**Work order:** Pictures within the data are to be left out; everything else must be reproduced exactly.

**Recorded data:**

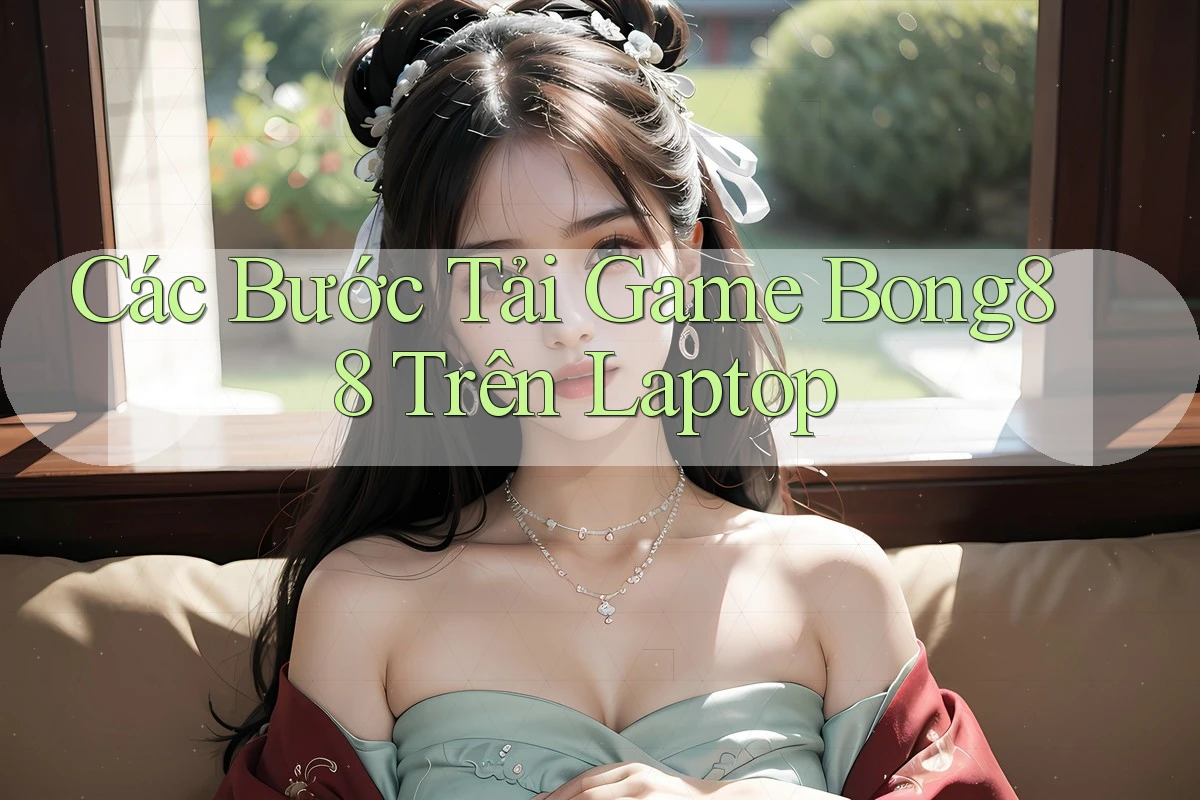 Các Bước Tải Game Bong88 Trên Laptop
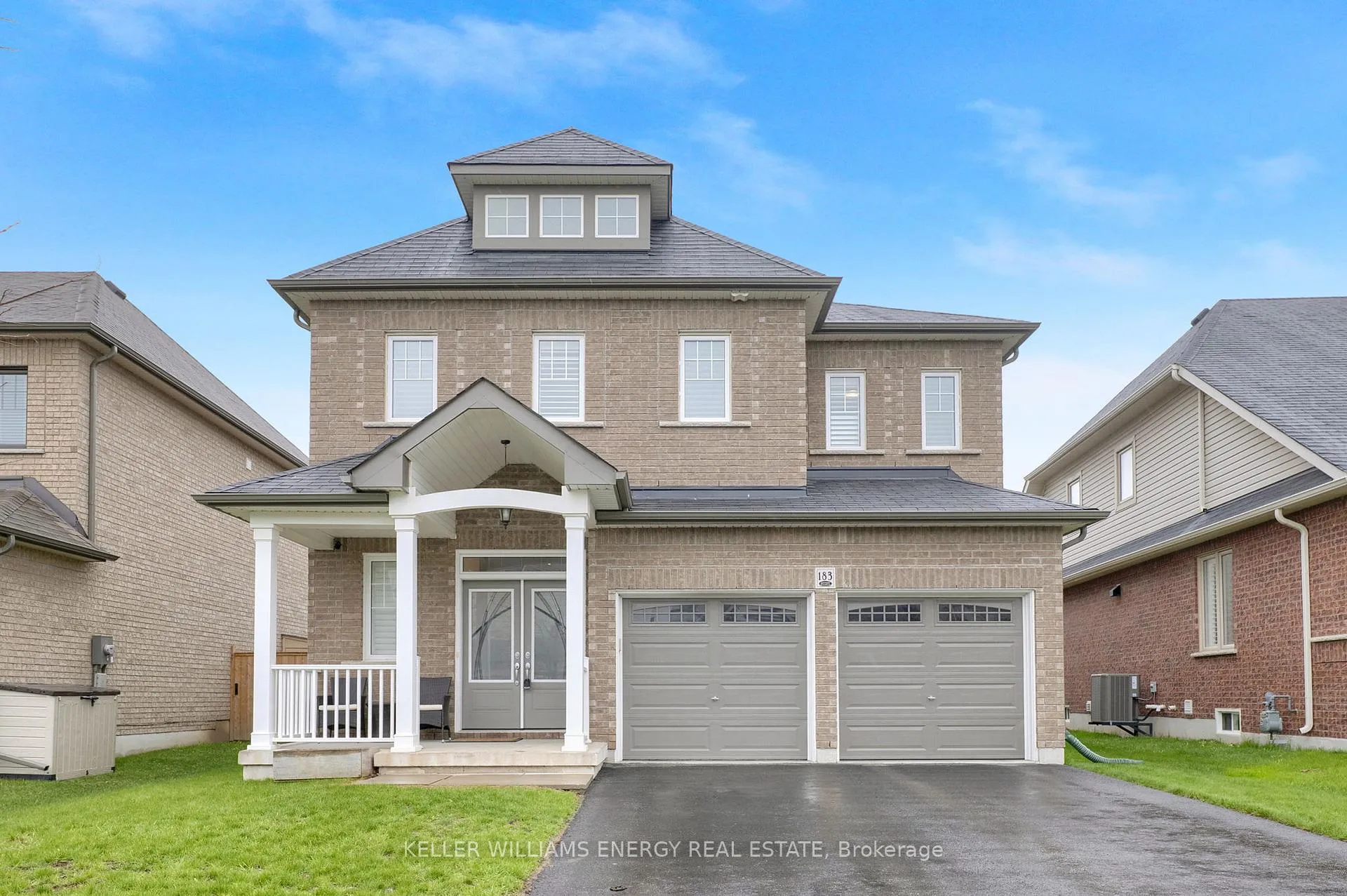 Photo 1 of 183 William Fair Drive, Clarington, Bowmanville — HOMEH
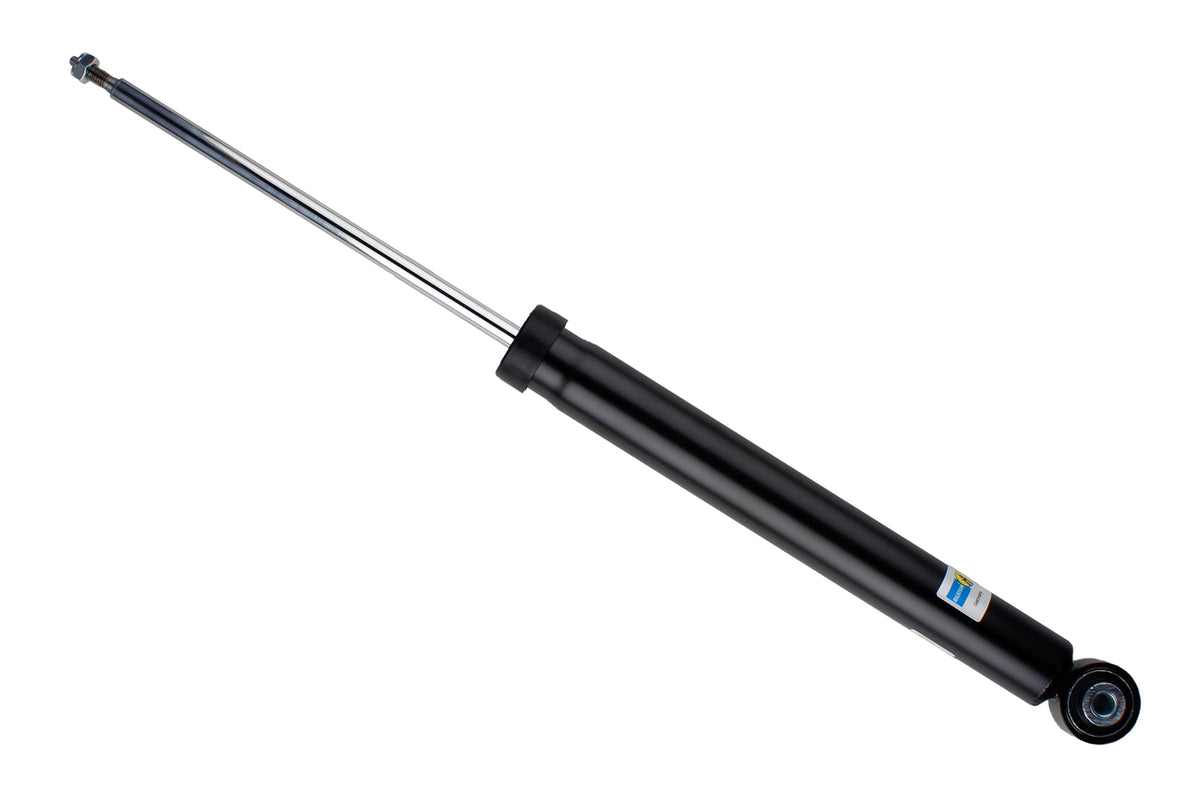 Bilstein B4 rear shock absorber for Volkswagen T-Roc A11 with rigid axle, standard suspension, shown in image.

**Expected answer:**
 Các Bước Tải Game Bong88 Trên Laptop
 Photo 1 of 183 William Fair Drive, Clarington, Bowmanville — HOMEH
 Bilstein B4 rear shock absorber for Volkswagen T-Roc A11 with rigid axle, standard suspension, shown in image.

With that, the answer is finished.